Simultaneous Multi-Projection: Reusing Geometry on the Cheap

In case you’ve missed the memo, 2016 is the year of virtual reality headsets in the PC gaming space, and both NVIDIA and AMD are pushing the concept hard. From a market perspective VR is seen as the “next great thing,” but more importantly from a technical perspective, VR demands much better GPU performance, and those performance requirements are only going to skyrocket as VR headsets get better. Today’s 2160x1200 VR headsets already require 233MPix/second rendered, and future headsets that operate at higher resolutions and refresh rates are likely to push that to 1GPix/second, if not higher. Consequently if VR takes off with the broader public, it’s going to be a gold rush for AMD and NVIDIA, but it also means that to get to 1GPix/second, they need to pull out all of the stops to deliver better performance.

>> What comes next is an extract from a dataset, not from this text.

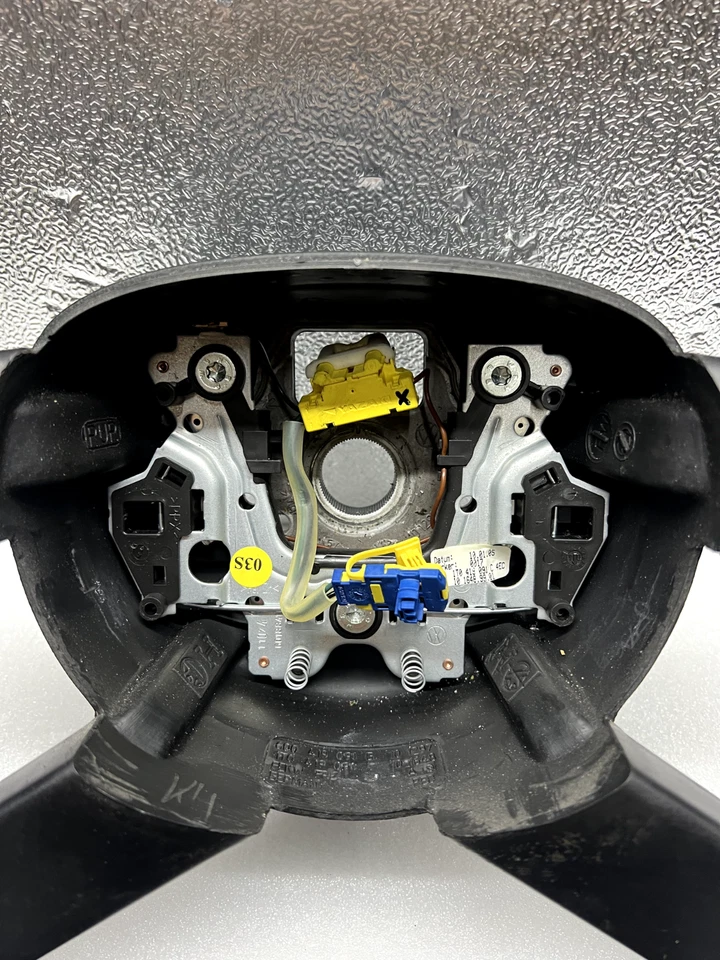 Original VW Polo 9N 9N3 Touran 1T Airbaglenkrad Lenkrad 6Q0419091G  Emblem - Bild 2 von 4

This brings us to Pascal’s final marquee feature: Simultaneous Multi-Projection (SMP). Although its applications are more involved than just VR – and we’ll cover those more in a bit – VR is the most immediate and applicable use case for the technology.

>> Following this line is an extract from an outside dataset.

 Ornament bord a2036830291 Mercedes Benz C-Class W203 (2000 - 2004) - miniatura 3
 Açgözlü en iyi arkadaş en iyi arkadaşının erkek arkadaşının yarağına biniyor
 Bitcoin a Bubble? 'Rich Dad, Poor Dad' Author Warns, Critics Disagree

So just what is SMP? To answer that question, we first need to take a short step back one generation to Maxwell 2. With Maxwell 2, NVIDIA introduced a feature called Multi-Projection Acceleration (MPA) as part of their larger emphasis on voxel acceleration. With MPA, Maxwell 2 could replay the scene geometry to up to 6 viewports in a single pass, essentially reusing the geometry. The benefit of this technology was that instead of having to setup the scene geometry 6 times, Maxwell 2 could save significant time and resources by only doing it once. This was one of the keys in making voxel acceleration practical, as the very nature of the 6 sided voxel meant that it would otherwise be redoing a lot of work.

Simultaneous Multi-Projection then can be thought of as Multi-Projection Acceleration grown up. The fundamental idea is still the same – replay geometry across multiple viewports for efficiency reasons – but rather than a cool hack, it’s now a fully-fledged out and far more flexible feature. Whereas MPA had a much more limited number of viewports and only supported fixed 90 degree angles – a result of the neat sign bit hack NVIDIA used to make it work – SMP supports a much larger number of viewports and arbitrary angles, making it useful for much more than just voxels and other cubic data structures.

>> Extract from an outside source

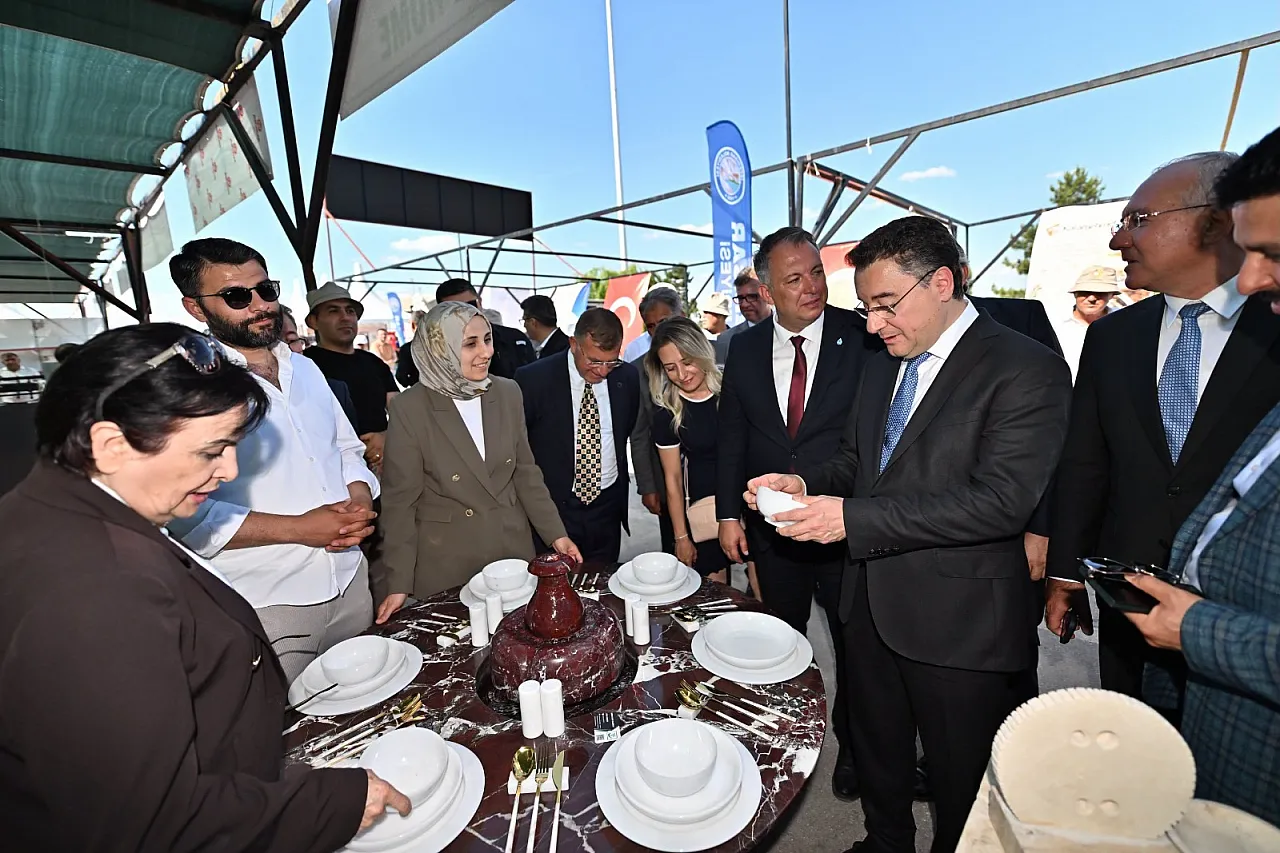 Afyon'un Eniştesi Afyon'da Esnafla Bir Araya Geldi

SMP in turn is a function of the new PolyMorph Engine 4.0, one of the few graphical subsystems of Pascal to receive a feature update versus Maxwell 2. NVIDIA’s slide on the matter is especially helpful here, showing where SMP fits into the standard rendering workflow. After all of the geometry work is done – triangle setup and any tessellation or vertex shading – SMP can then step in and reproject the geometry as desired before being sent out to rasterization to pixels.

How NVIDIA is doing this so efficiently is their secret sauce for now, but I’m told that the resource cost of using SMP is miniscule. What I do know is that with Pascal and the PolyMorph Engine 4.0, the rasterizer is being called "quasi-programmable," so there is some new flexibility in there NVIDIA is exploiting for SMP.

Under the hood, SMP combines two slightly different but closely related features. The first of course is geometry reprojection; SMP can reproject geometry to up to 16 viewports. Each viewport can, in turn, be set to an arbitrary angle, varying in both tilt and rotation.

The second feature is that SMP can also reproject geometry around a second viewpoint. This is slightly different from basic geometry reprojection as we’re not just adjusting the angle of the view, but the view is being shifted entirely. In this case the view can be shifted along the X-axis, allowing for a second viewpoint to be cheaply created without actually setting up the geometry twice.

As for why you’d want to generate two viewpoints, the big use case is virtual reality. VR requires two viewpoints, one for each eye. Without SMP, this requires doing a full geometry pass twice, once for each eye. But with SMP, this is reduced to a single geometry pass.

Overall, SMP exists as an efficiency measure. There is technically nothing it can do that couldn’t be done without SMP – GPUs are flexible enough without it – however the scenarios SMP is envisioned for are all about executing them more efficiently by skipping a geometry and or/compute shader passes.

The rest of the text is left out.